The workshop was 4 hours long and had three parts: One short introduction which was kind of inspired by Jonas Bonér's talk Bla bla Mircorservices bla bla followed by two practical sessions: One more focussed on thinking, the other one focussed on hacking and doing with IBM Bluemix.
As an introduction I asked the audience why there are actually so many people thinking and talking about Microservices. I found these 5 points by Rajeev Sakhuja really summarize the current situation quite well, three points are the most important from my perspective:
We've got great technology stacks out there today, whether if it's PaaS like IBM Bluemix or Docker or many many other things. All of those are following simple principles:
- Run your application anywhere independently from it's actual underlying infrastructure. Locally, on a fat server or in the cloud. Nobody cares.
- Define your infrastructure requirements with code: Versioned, documented, standardized.
SOA was, or for some still is, a great thing when thinking about decomposing the enterprise application landscape. But for today's requirements with thousands of devices connected within smart business processes and even way more flexible business process where we start earning money with APIs and data collected by IoT devices... SOA is not flexible enough to adopt the application landscape fast enough and to be in line with the latest technologies you may need to use if you want to be part of those new economies. Thus Microservices are a good way.
DevOps including at least continuous integration and in best case also continuous delivery is a must-have for every IT environment. And it's also the right starting point to develop, test, deploy and run smaller applications without any or small efforts to bring them up to live.
The quote from Gardner is kind of provocative, true. Actually I think for the next few years there will be a lot of use cases where Microservices might not be the best solution for every IT project. But if we envision our future world: Every application will be a distributed application, distributed on many systems, devices and things. Traditional, in worst case - for god's sake - stateful applications won't fit into that world. We've to rethink our application architectures to be ready: We have to think distributed and functional, finally think about the clustering and concerns of application components. Maybe we should directly think about serverless architectures?

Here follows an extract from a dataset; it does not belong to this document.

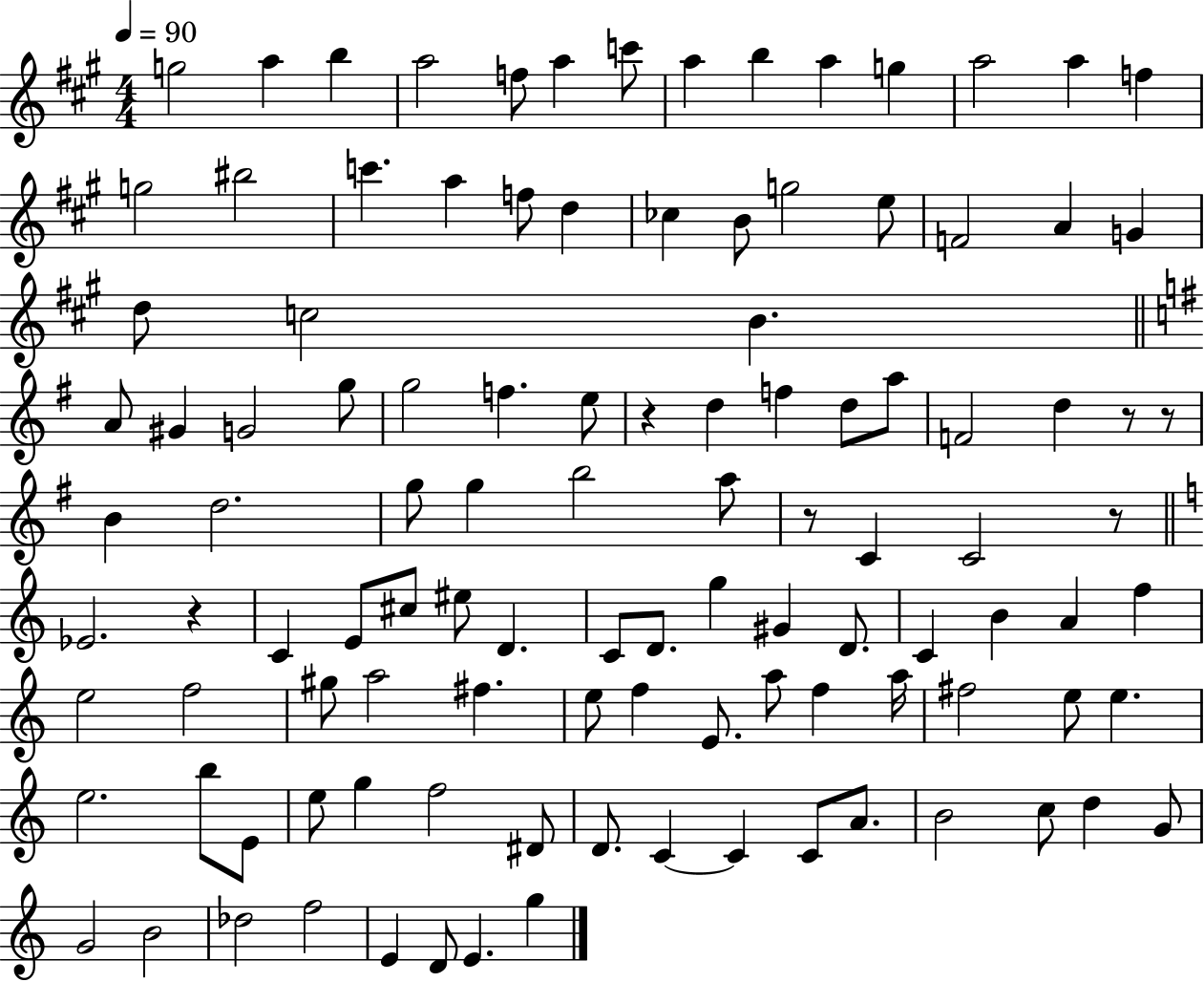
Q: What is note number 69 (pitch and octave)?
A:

When we're talking about Microservice architectures we aren't actually speaking about fency technical stuff which is absolutely modern. In fact: We're talking about plain old topics. We really have to rethink our nicely designed object-oriented integrated JEE architectures and split them down to the basics: As said before, splitted, independent stateless services will be the future. But it's not only cutting down our current application landscapes into smaller services and put some "great" HTTP Rest communication between them, it's about designing them in a well mannered fashion to fulfill "one thing" and get them working together easily without that they must know each other. Unix' piping still is a great concept - But how does this concept look like on our cloud platforms and cloud-ready architectures?
Good starting points when rethinking application architectures for Microservices are Domain-Driven Design and Conway's law. I think those thoughts are the basics before regarding principles like 12-factor apps or similar.

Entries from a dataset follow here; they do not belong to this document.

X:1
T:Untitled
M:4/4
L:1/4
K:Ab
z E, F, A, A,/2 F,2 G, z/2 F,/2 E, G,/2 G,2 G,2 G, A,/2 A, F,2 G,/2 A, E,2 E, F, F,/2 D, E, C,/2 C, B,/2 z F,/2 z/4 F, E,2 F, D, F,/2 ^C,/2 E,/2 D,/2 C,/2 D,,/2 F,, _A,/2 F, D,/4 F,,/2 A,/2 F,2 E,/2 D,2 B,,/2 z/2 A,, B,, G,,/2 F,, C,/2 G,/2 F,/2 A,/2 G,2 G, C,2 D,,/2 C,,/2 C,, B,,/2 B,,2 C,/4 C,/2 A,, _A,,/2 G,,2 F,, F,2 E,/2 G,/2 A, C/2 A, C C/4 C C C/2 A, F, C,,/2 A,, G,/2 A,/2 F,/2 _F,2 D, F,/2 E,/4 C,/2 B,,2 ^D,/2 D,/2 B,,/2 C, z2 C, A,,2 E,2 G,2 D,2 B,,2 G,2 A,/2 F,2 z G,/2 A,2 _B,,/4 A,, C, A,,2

I can't repeat it often enough. Please be thoughtful. Everybody who has seen an introduction on Microservices has seen a picture like the one above: "Monoliths are bad, they are failing anywhere and burn down your whole system. You can't scale them! Proscribe those bastards! Do Microservices!" - Not totally wrong, but... pssst... you want to know something? Designing a really resilient architecture isn't so easy just because you're doing Microservices now... If you are just a little bit foolish you might have a Microservice architecture including a lot of fancy technologies, but you may fail even faster and be much less resilient than before due to constraints you bring into your system.
... If you don't embrace the challenges and constraints of distributed systems and don't design your application in well-defined domains you definitely will fail.

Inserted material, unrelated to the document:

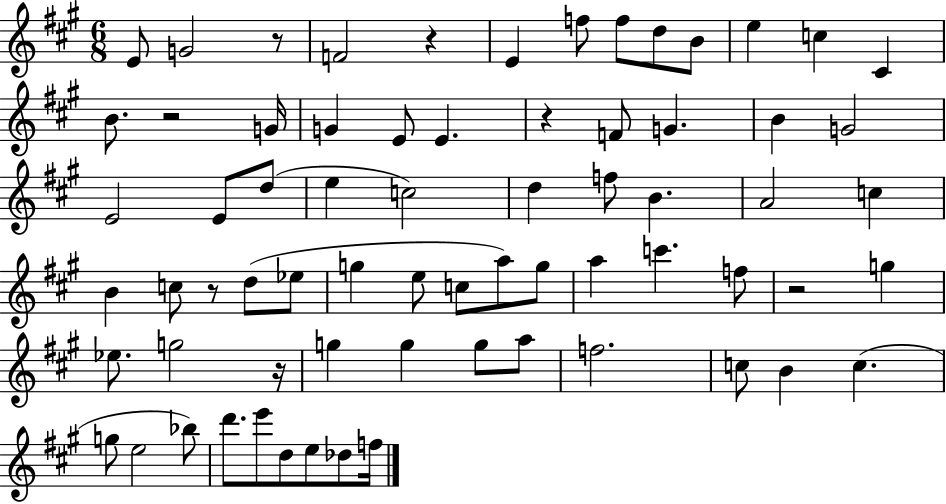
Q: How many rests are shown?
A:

Practice: Modelling Microservice architectures
To avoid above mentioned traps the first exercise is not about the fancy technology, it's about thinking about architecture.
This exercise was done on a white board with some cards - Thanks to my lovely girl-friend who created them for me.
This is the first "naive" solution a team probably designs the architecture. The cool thing about the cards and the whiteboard is that we were able to easily re-arrange cards and symbols to discuss many topics or solutions quickly. Things like
- resilient communication: which technology? how to reduce it? use caching?
- what happens if communication or a single system fails?
- how to do new releases of single parts of the application?
- how can we test a service or the whole system?
- how to realize logging?
- what can we do if a sub-sequent service is not available?
- what about transaction handling?
- and so on, and so on...
Actually one could write many books about those topics, but if you have just a few minutes to discover the world of Microservices it's a good thing to quickly talk about and visualize patterns, methodologies, problems, etc.
Oh, you're wondering what a better solution might be possible?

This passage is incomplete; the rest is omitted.